Planet X's Harry Wiltshire raced the first round of the World Triathlon Championships in Sydney two weeks ago. He came home and realised he didn't have enough points to be eligible for Olympic selection, so got back on the plane to China.

Harry is now Olympic eligible and has an adverse conditioned response to Chinese covers of French Canadian love songs. 

The final GB slot will be decided by a complicated and long winded process that Harry tried to explain but we lost the will to live and stopped listening. In our opinion they should go paper, scissors, stone. 

Harry writes...

"The Chinese do things differently. We had a white gloved policeman every 10 meters lining the course, not just during the race, but for a day before and afterwards. I was mobbed for an autograph and photo by 100 race helpers none of whom had the slightest clue who I was.

"Stewed chicken feet classes as a hearty breakfast and it is entirely appropriate to hack up in your throat then spit a big ball of grolly. The end of every lane in swimming pools has a metal bin specifically for this purpose. If the produce is solid a particularly satisfying ping can be made.

"The girl at the swimming pool wore six inch yellow heels, a denim mini skirt and a hello kitty T-shirt. She smiled at me and said "meehow" each day when I went to the pool. 

"After the race I went to the pool alone. I finished swimming  but when I went to leave the building found torrential rain, the boom of thunder and forks of lightning carving the sky. The girl in the 6 inch yellow  heels patted the seat next to her. She closed the door and booted up windows media player.

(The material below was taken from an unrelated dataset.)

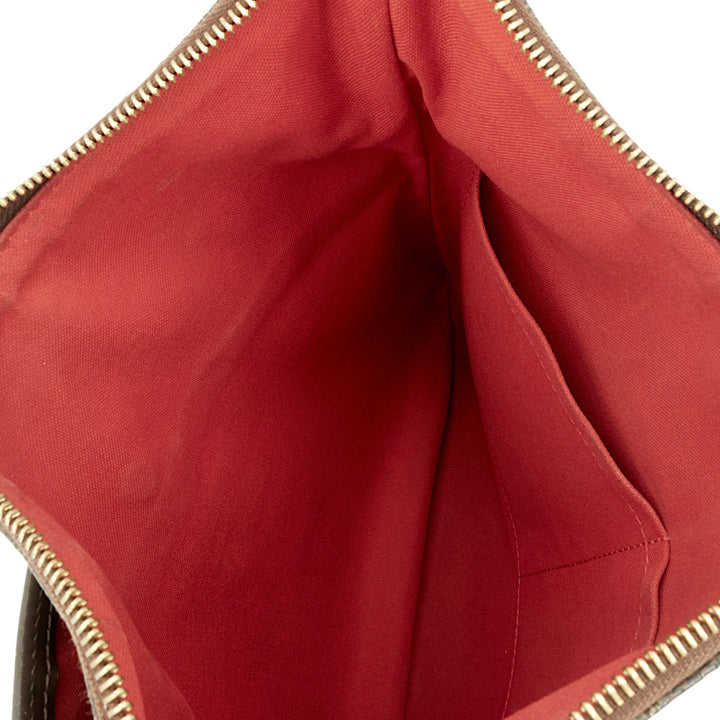 Bloomsbury PM Damier Ebene Canvas Bag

"Before I knew it a Chinese translation of Celine Dion's greatest hits was playing. A phone call was made and I sat awkwardly smiling and saying "shi shi" (meehow was the only other word I knew and I didn't feel this was the time for cat noises).     

"It wasn't long before smiling nodding and not understanding a word 6 inch heels said became a tad awkward. I tried to whistle, I can't whistle. 

"Take away noodles in broth for two arrived. She paid. The rain stopped. Stainless steel chop sticks were produced and Celine's asian alter ego was cranked up a notch. 

"I can't use chop sticks, the noodles were scalding hot. Yellow heels did a cute little laugh into her hand then tried to adjust my chop sticks. It wasn't working, she tried to feed me. I looked at the noodles, she looked at me. She made more physical contact than was strictly necessary.

"I began to sweat. The Chinese equivalent of my heart will go on started  to play. She smiled.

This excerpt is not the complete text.